TASK GOAL:
Copy each line below as it stands, but skip any picture it contains.

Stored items
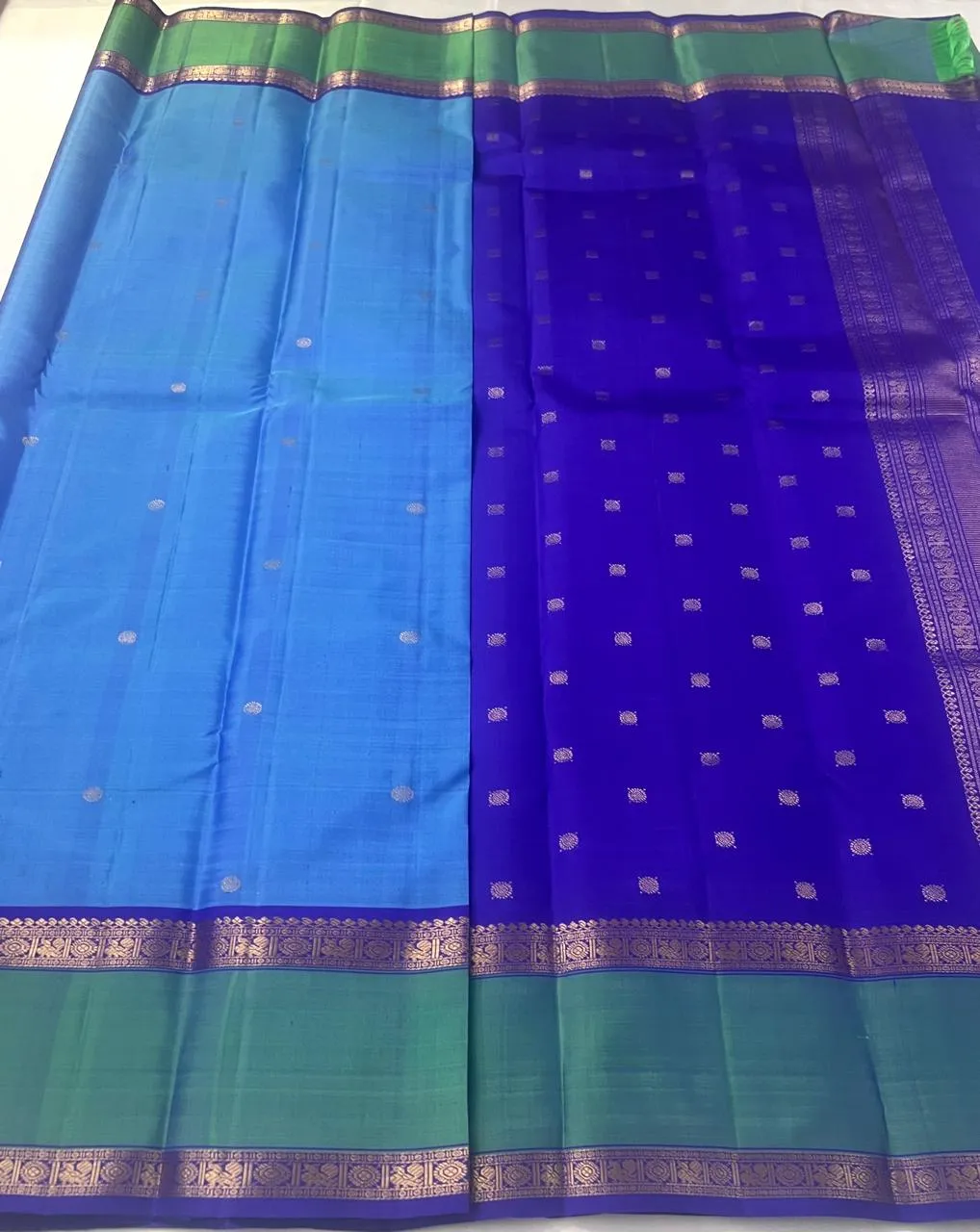 Royal Blue Purple Kanchipuram Bridal Silk Butta Saree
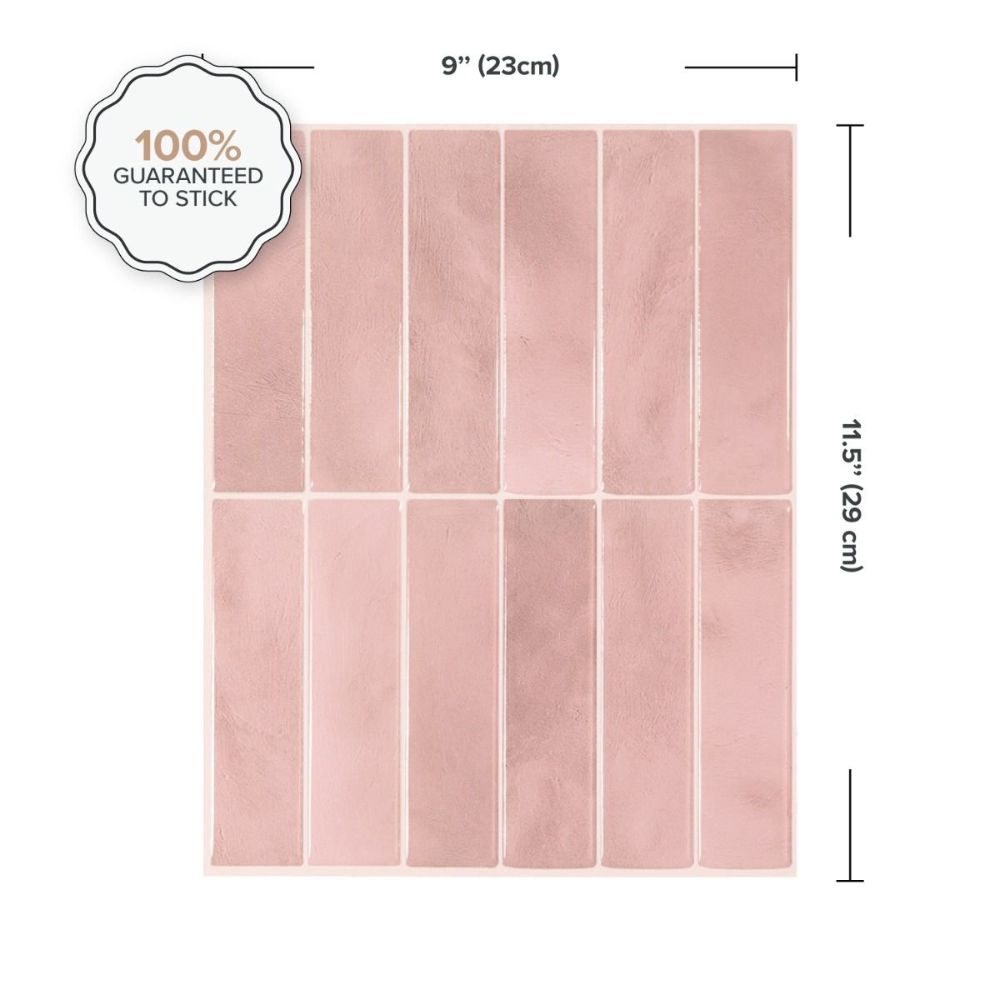 Pink stacked subway tiles dimensions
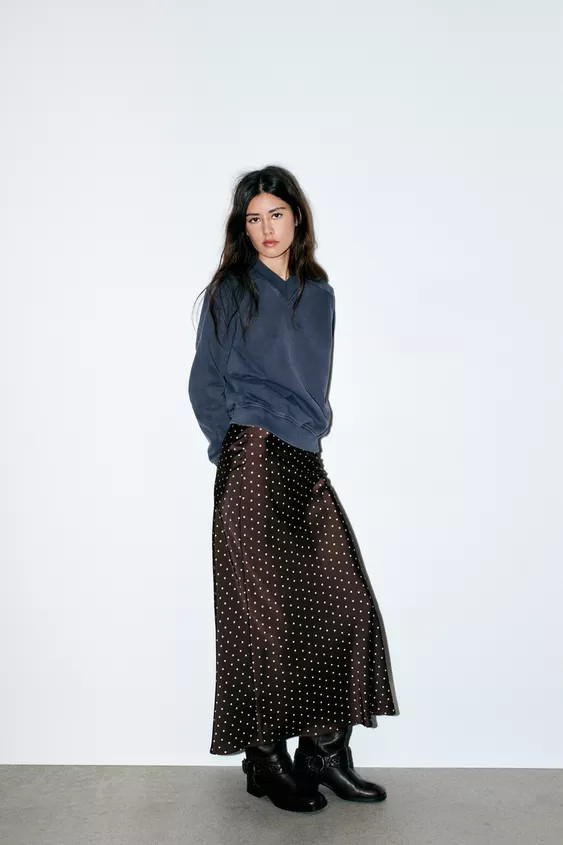 SATIN MIDI SKIRT | Zara UK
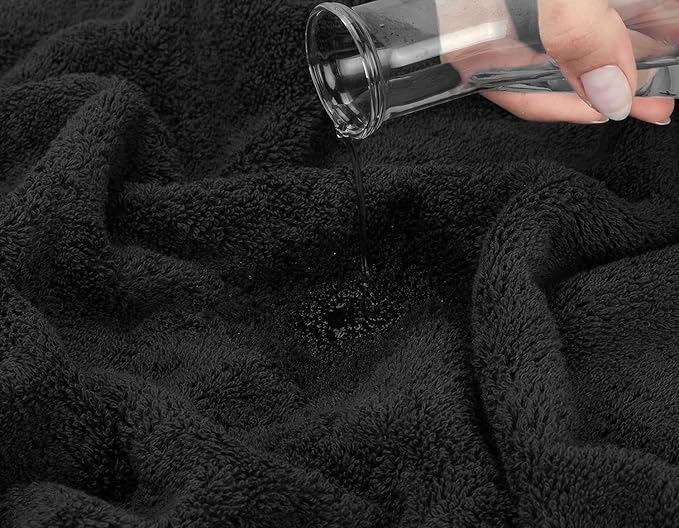 24 Pack Premium Hand Towels – 100% Cotton, Soft & Highly Absorbent – 16x27 Inches, Black Bulk Towels for Bathroom, Spa, Gym & Daily Use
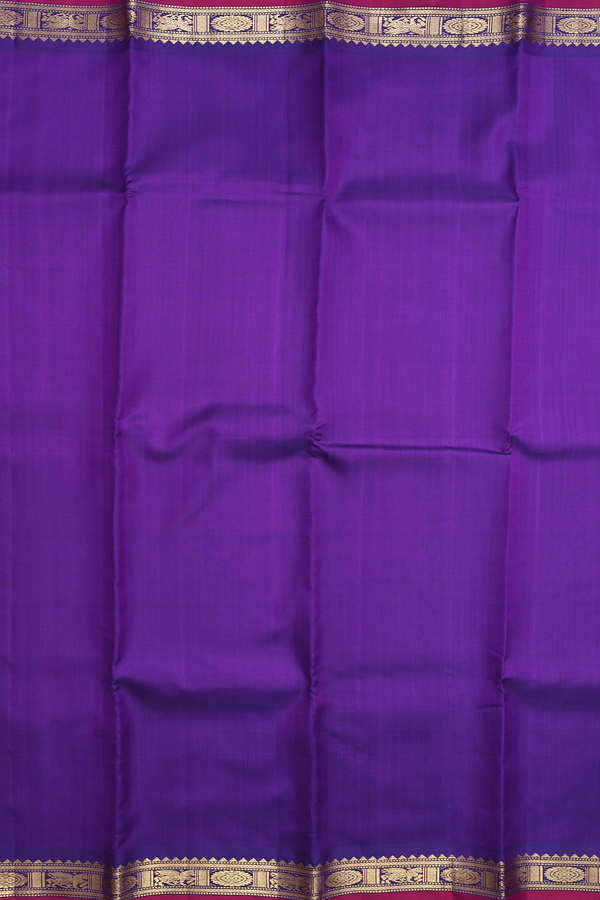 Kanchipuram Silk Saree In Plain Purple With Zari Border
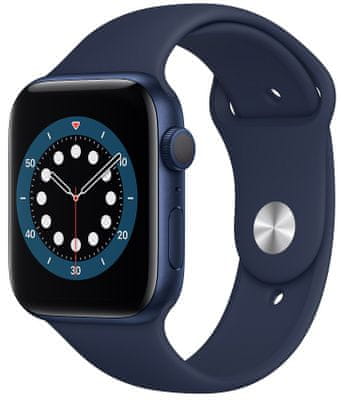 Chytré hodinky Apple Watch Series 6, Retina OLED displej stále zapnutý EKG monitorování tepu srdeční činnosti hudební přehrávač volání notifikace NFC platby Apple Pay hluk App Store okysličení prve, detekce pádu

RESPONSE FOR THIS EXERCISE:
 Royal Blue Purple Kanchipuram Bridal Silk Butta Saree
 Pink stacked subway tiles dimensions
 SATIN MIDI SKIRT | Zara UK
 24 Pack Premium Hand Towels – 100% Cotton, Soft & Highly Absorbent – 16x27 Inches, Black Bulk Towels for Bathroom, Spa, Gym & Daily Use
 Kanchipuram Silk Saree In Plain Purple With Zari Border
 Chytré hodinky Apple Watch Series 6, Retina OLED displej stále zapnutý EKG monitorování tepu srdeční činnosti hudební přehrávač volání notifikace NFC platby Apple Pay hluk App Store okysličení prve, detekce pádu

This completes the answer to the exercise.